### WHAT TO WORK ON
Using the entries that follow, transcribe only the lines from the line with "Geotanya Apartments 레메소스 외부 사진" to the line with "1-к квартира, на", both included, exactly as they stand and without pictures.

### DATA TO EXAMINE
-=-=-=-=-
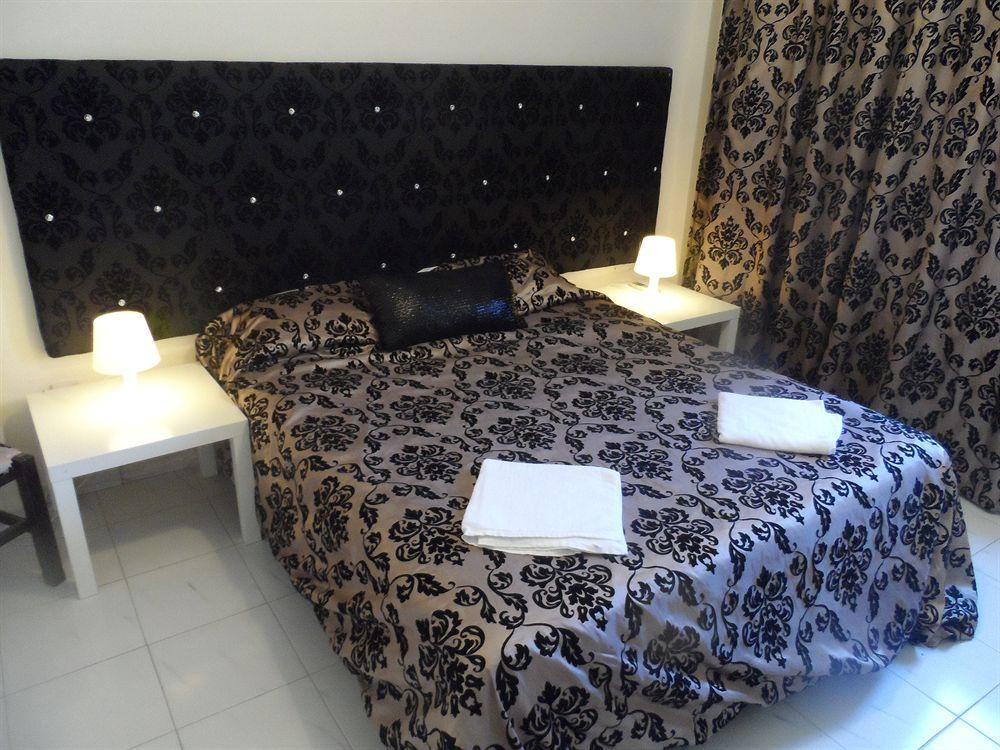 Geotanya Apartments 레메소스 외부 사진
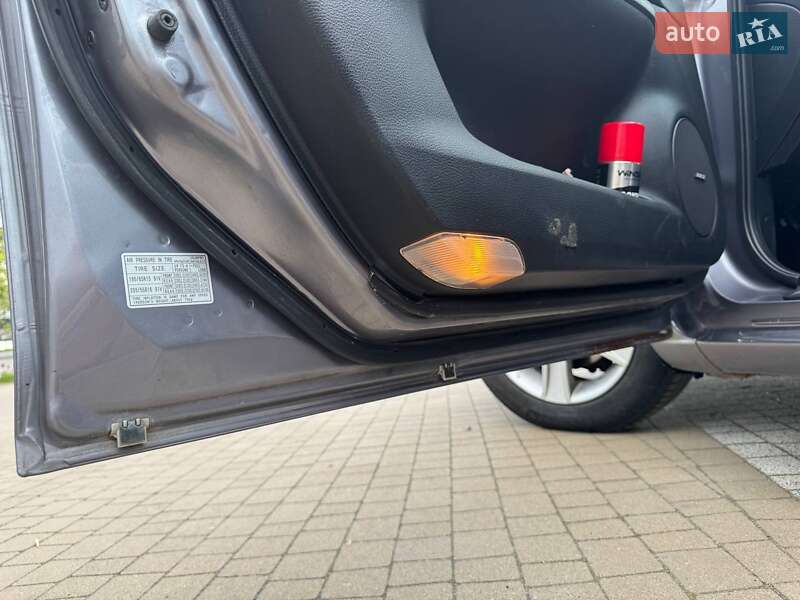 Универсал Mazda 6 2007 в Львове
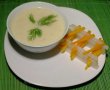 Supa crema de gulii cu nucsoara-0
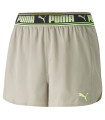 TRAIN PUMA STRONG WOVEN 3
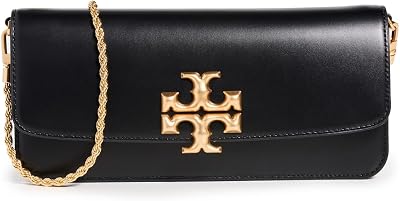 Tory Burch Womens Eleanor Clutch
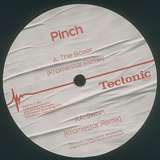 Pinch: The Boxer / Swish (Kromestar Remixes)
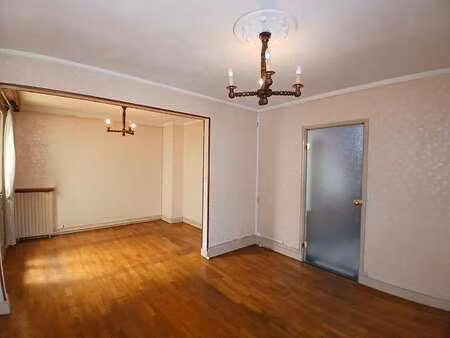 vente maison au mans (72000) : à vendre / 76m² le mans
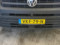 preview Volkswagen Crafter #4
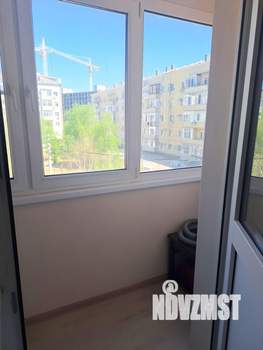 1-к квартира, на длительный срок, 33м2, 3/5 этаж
-=-=-=-=-
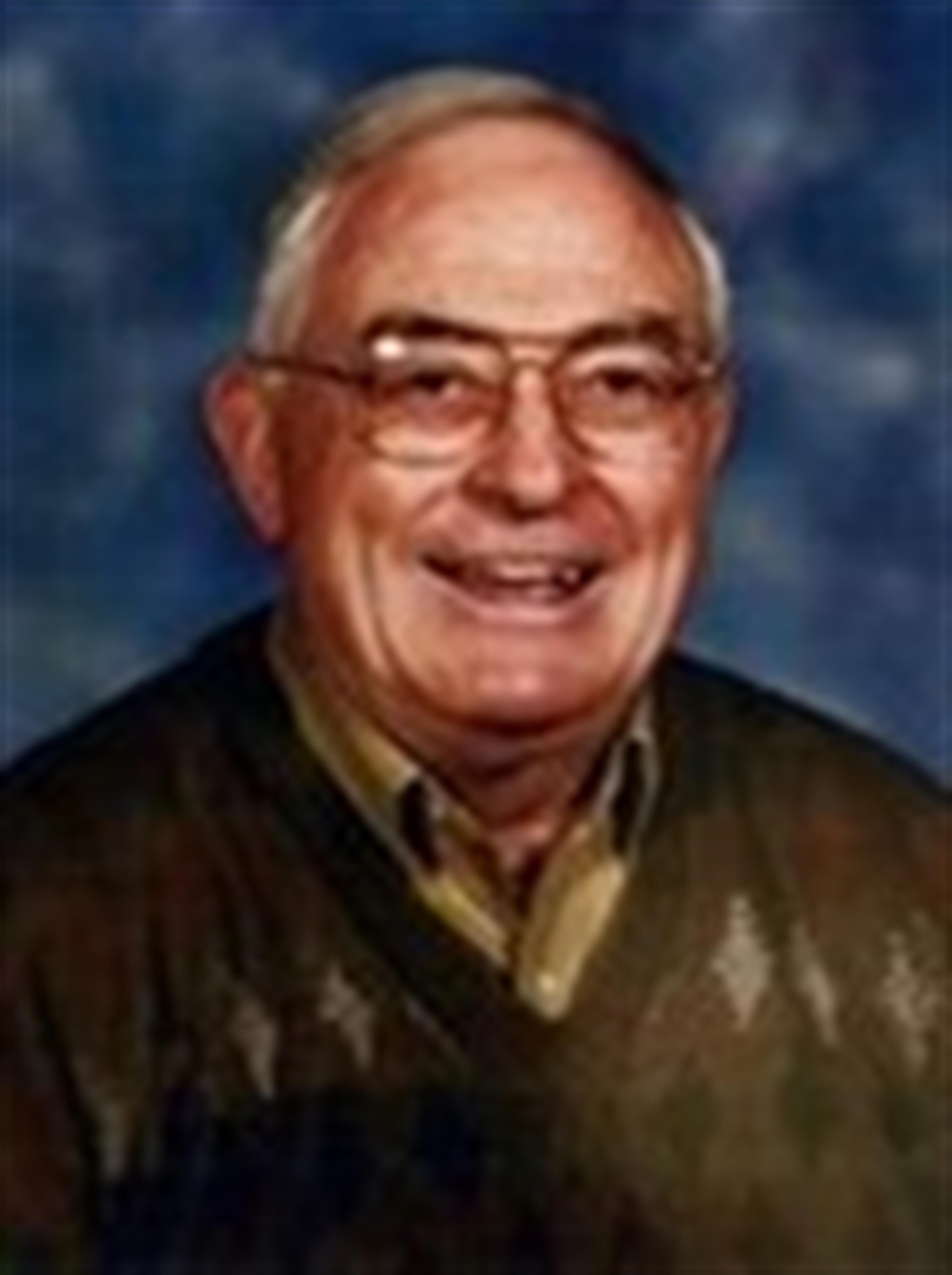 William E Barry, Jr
-=-=-=-=-
### OUTPUT BELOW
 Geotanya Apartments 레메소스 외부 사진
 Универсал Mazda 6 2007 в Львове
 Supa crema de gulii cu nucsoara-0
 TRAIN PUMA STRONG WOVEN 3
 Tory Burch Womens Eleanor Clutch
 Pinch: The Boxer / Swish (Kromestar Remixes)
 vente maison au mans (72000) : à vendre / 76m² le mans
 preview Volkswagen Crafter #4
 1-к квартира, на длительный срок, 33м2, 3/5 этаж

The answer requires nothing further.